Hablar con Juan Grimm es entrar en un mundo donde el jardín deja de ser un conjunto de plantas y se convierte en una lectura profunda del paisaje. Lleva más de 30 años diseñando y, aun así, habla del proceso como si estuviera siempre comenzando. Para él, el paisajismo es una práctica que no se congela: se expande, envejece, muta y sorprende incluso a su propio autor.
Su formación estuvo marcada por la influencia de Óscar Prager, quien prefería recorrer la naturaleza e inspirarse en ella antes que mirar referencias europeas. Grimm recuerda que su maestro “se iba a la cordillera a estudiar cómo creían las plantas” y que, a partir de esas observaciones, diseñaba jardines únicos, profundamente ligados al entorno. “Implementaba lo que veía. No seguía la moda inglesa o alemana”, dice, y reconoce con humor que en sus primeros años “fui muy copión de él”. Ese origen sigue latente: mirar, comprender, respetar y recién ahí intervenir.
Con los años, no solo su práctica ha ido mutando, sino también las tendencias que rodean al oficio. El auge actual del uso de especies nativas le parece positivo, pero también matizado. La discusión, dice, suele simplificarse. Él mismo ha usado nativas durante décadas, y las defiende con intensidad. Del espino, por ejemplo, declara: “la gente lo mira muy en menos. Yo lo encuentro maravilloso cuando florece. Lo encuentro súper lindo. Hay especies que a veces toca salir a defender cuando lo quieres poner en algún proyecto”. Pero también insiste en que no es purista: “La clave es que esa planta se dé bien en ese lugar”.
Esa claridad lo ha obligado a hacer cambios importantes a lo largo del tiempo. Cita el caso del Acer japonico: “Lo encontraba precioso, pero el Acer ya no soporta este clima.

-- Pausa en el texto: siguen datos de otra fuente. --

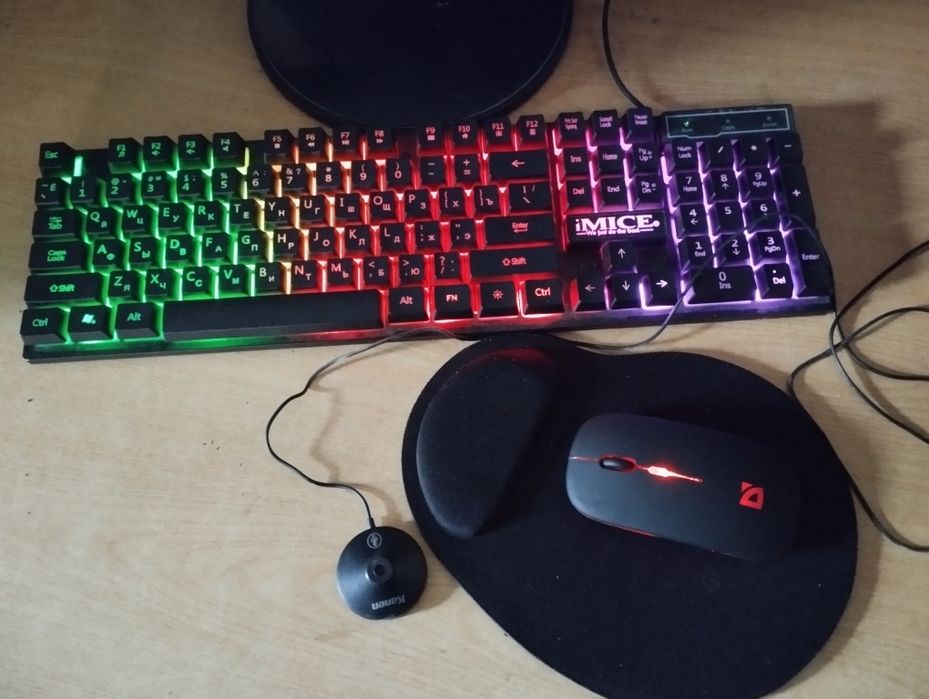 Продам компьютер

Se quema, se pone arrugado… y hay que reemplazarlo”. Lo mismo ocurre con otras especies que funcionaron durante años y que hoy, frente al alza de temperaturas y la disminución del agua, deben ceder su lugar.
Al mismo tiempo, ha descubierto herramientas inesperadas, como la Euclea, una especie costera que conoció hace tres décadas. “Me lo regaló el dueño del jardín Suizo. Son unos arbolitos que crecen como los boldos en la costa. Funcionan muy bien ahí, aguantan el viento, la salinidad y la sequía”, afirma. Esa observación paciente – treinta años mirando cómo se comporta una planta – es, para él, la base del oficio.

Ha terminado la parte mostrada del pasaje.